• [Exercise requirements] Your copy should begin at the line containing "Basic Fantasy RPG" and end at the last line of the records; transcribe those lines exactly and leave out every picture.

• [Data shown]
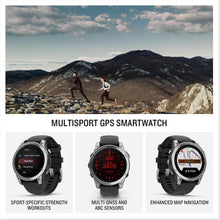 Buy Garmin,Garmin fēnix E 47mm Multisport GPS Smartwatch - Stainless Steel/Black, 16 Days Battery, Health & Training Features - Gadcet UK | UK | London | Scotland | Wales| Near Me | Cheap | Pay In 3 | Smart Watches
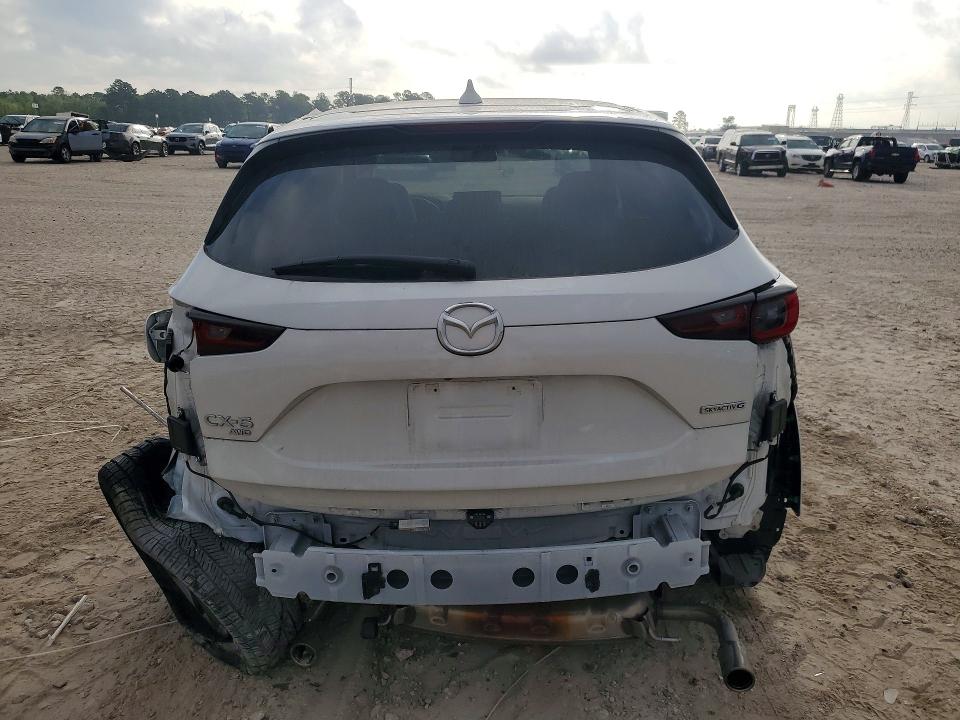 2025 Mazda Cx-5 მანქანა იყიდება აუქციონზე, vin: JM3KFBCLXS0571028, აუქციონის ნომერი: 47006306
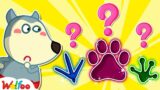Wolfoo Finds Mysterious Animal Tracks! – My Name is – Wolfoo Kids Stories Wolfoo Series Kids Cartoon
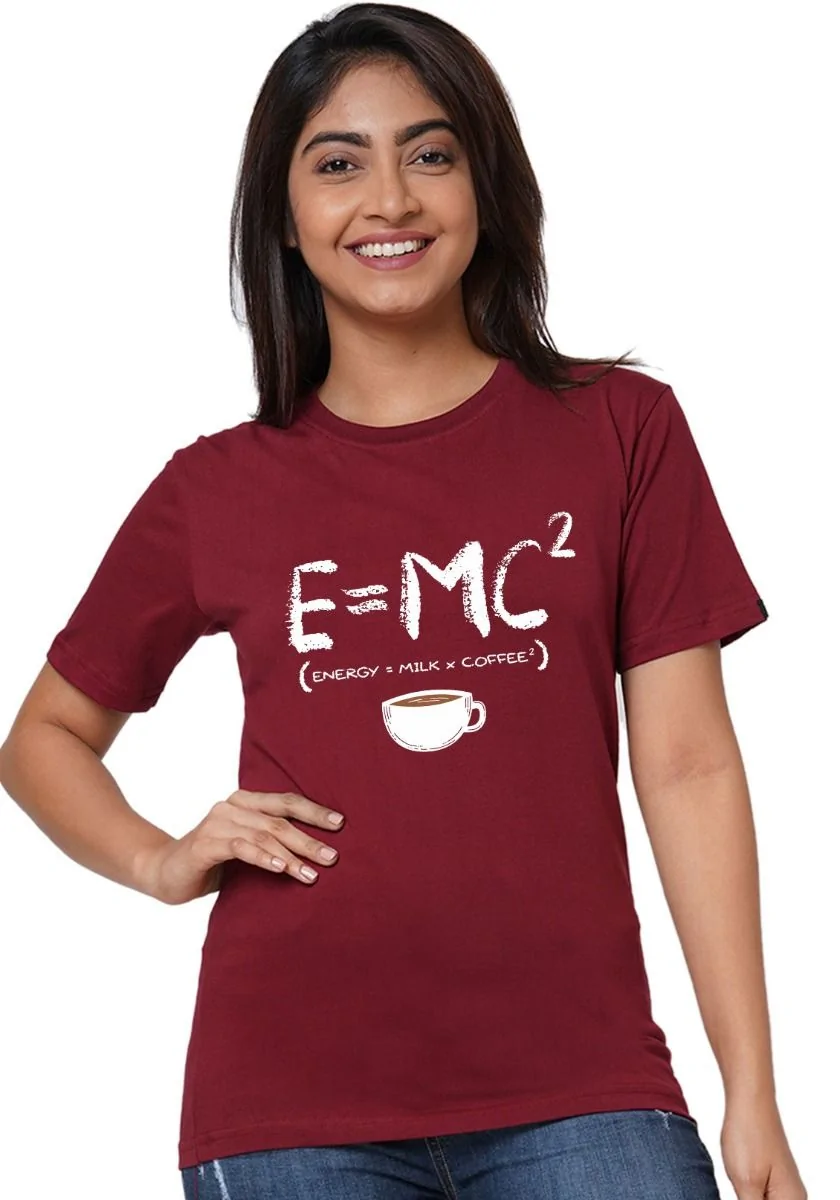 Womens Energy Coffee Tshirt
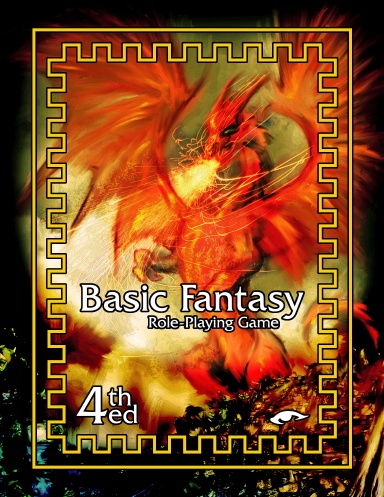 Basic Fantasy RPG 4th Edition (Coilbound Alternate Cover)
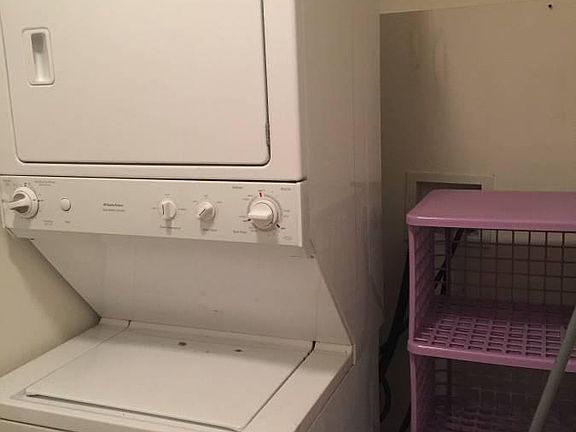 Half bath/laundry on main floor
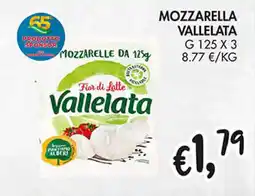 èccoMI Mozzarella VALLELATA offerta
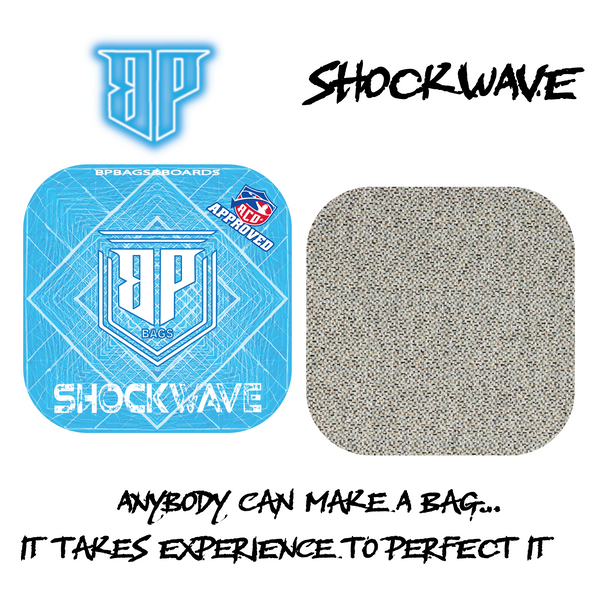 ACO Approved BP Shockwave (Set of 4)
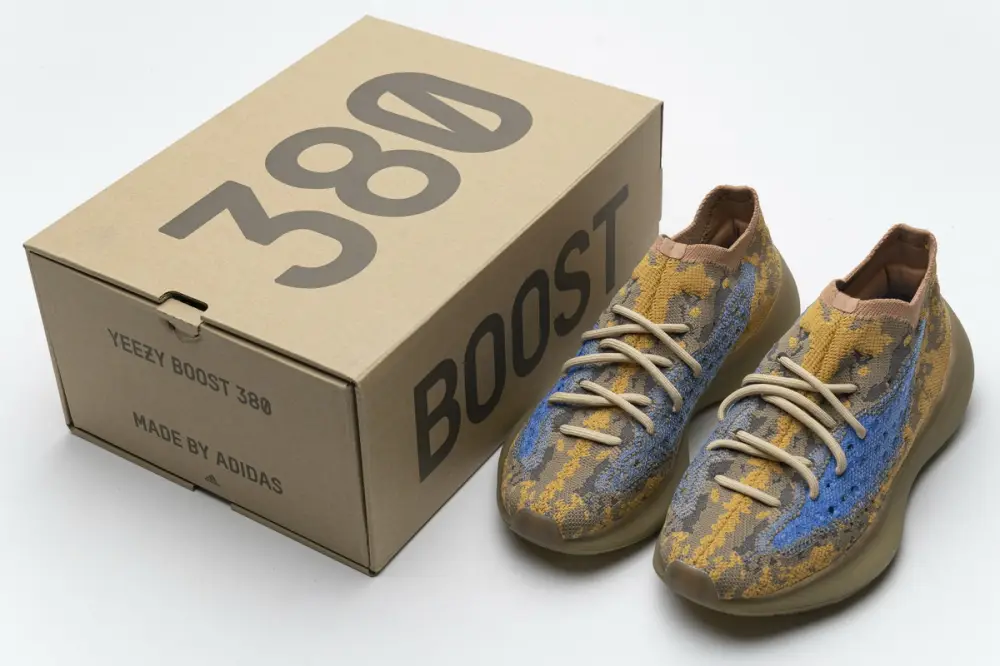 Yeezy Boost 380 Blue Oat Q47306 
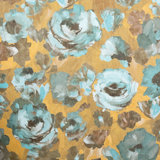 Julie Feels Home Collection Glitter/Shimmer Large Paeonia Flowers Wallpaper Roll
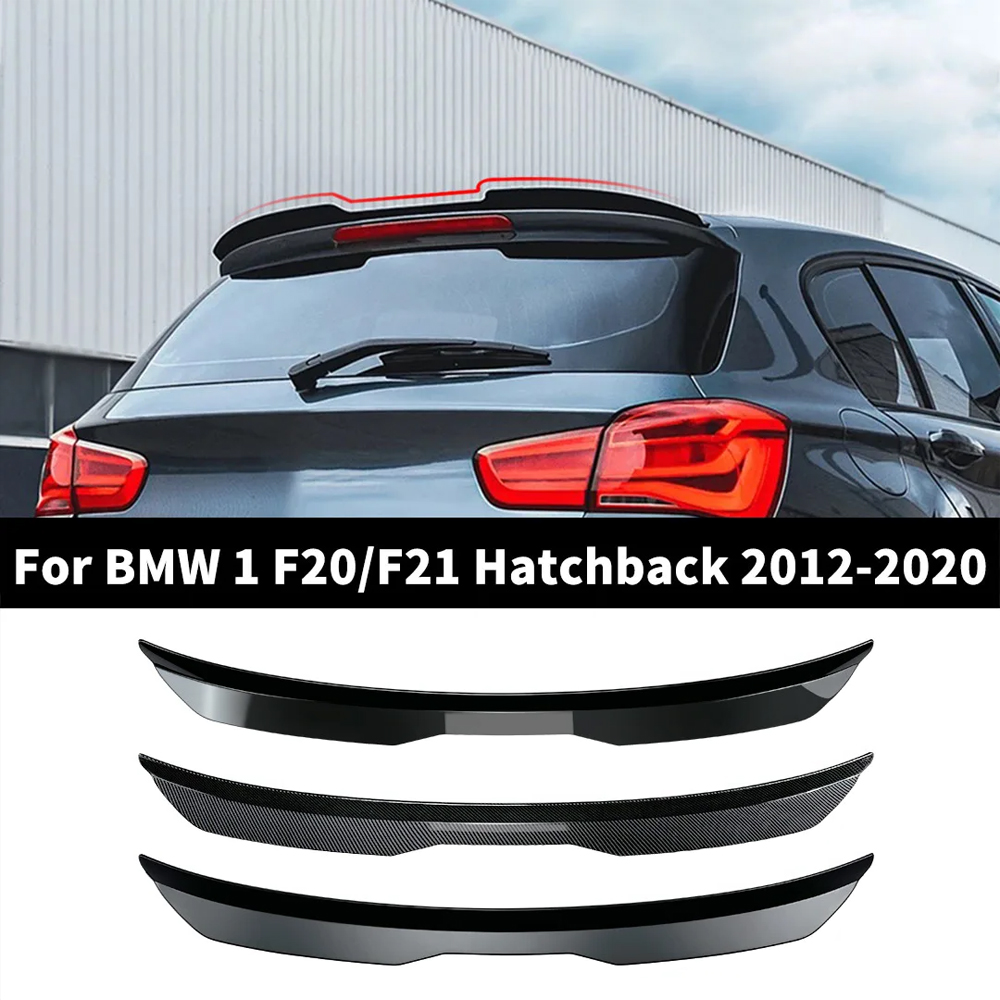 リアトランクスポイラールーフウイングレーシングスポーツスプリッター外装部品 BMW 1 シリーズハッチバック F20 F21 2012-2020 チューニングアクセサリー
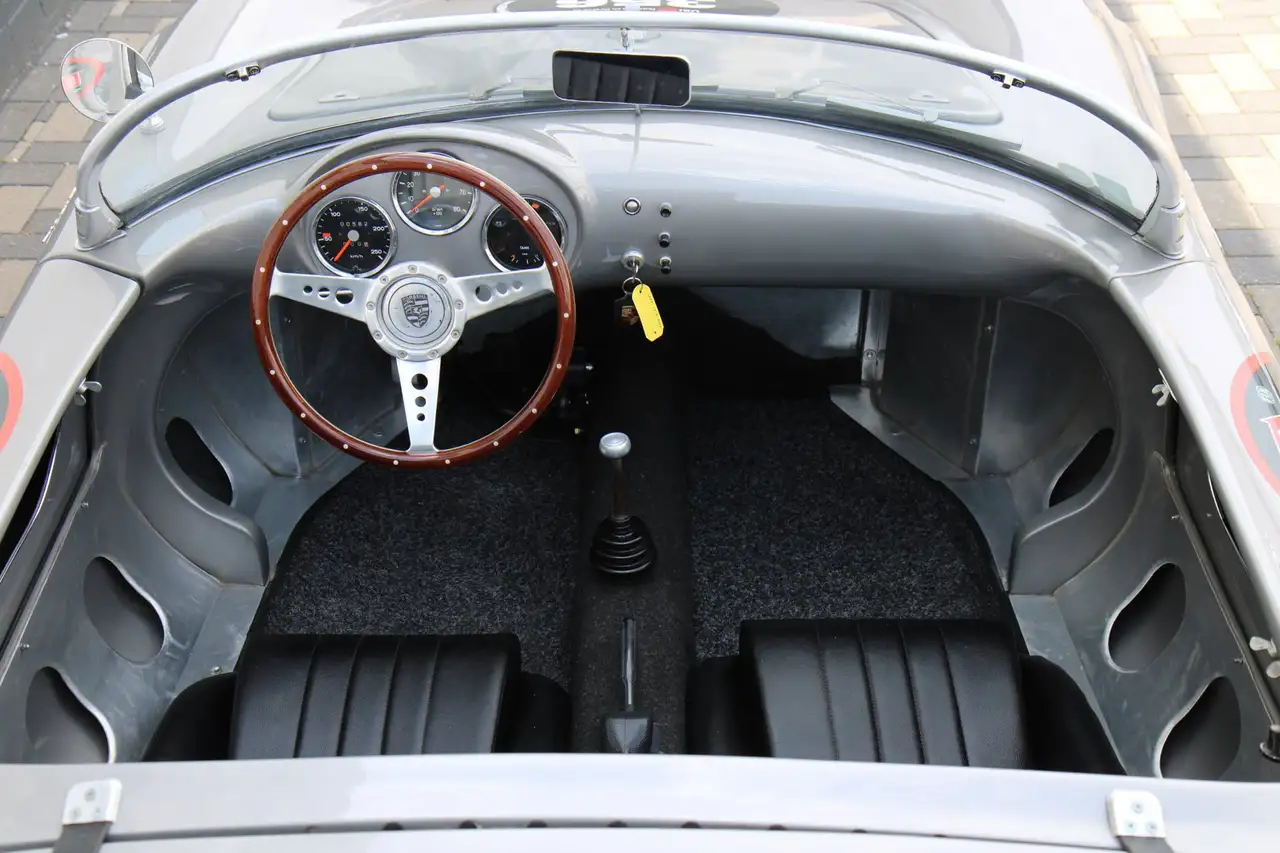 Volkswagen 550 Spyder Met softtop uniek !, foto 8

• [The answer]
 Basic Fantasy RPG 4th Edition (Coilbound Alternate Cover)
 Half bath/laundry on main floor
 èccoMI Mozzarella VALLELATA offerta
 ACO Approved BP Shockwave (Set of 4)
 Yeezy Boost 380 Blue Oat Q47306 
 Julie Feels Home Collection Glitter/Shimmer Large Paeonia Flowers Wallpaper Roll
 リアトランクスポイラールーフウイングレーシングスポーツスプリッター外装部品 BMW 1 シリーズハッチバック F20 F21 2012-2020 チューニングアクセサリー
 Volkswagen 550 Spyder Met softtop uniek !, foto 8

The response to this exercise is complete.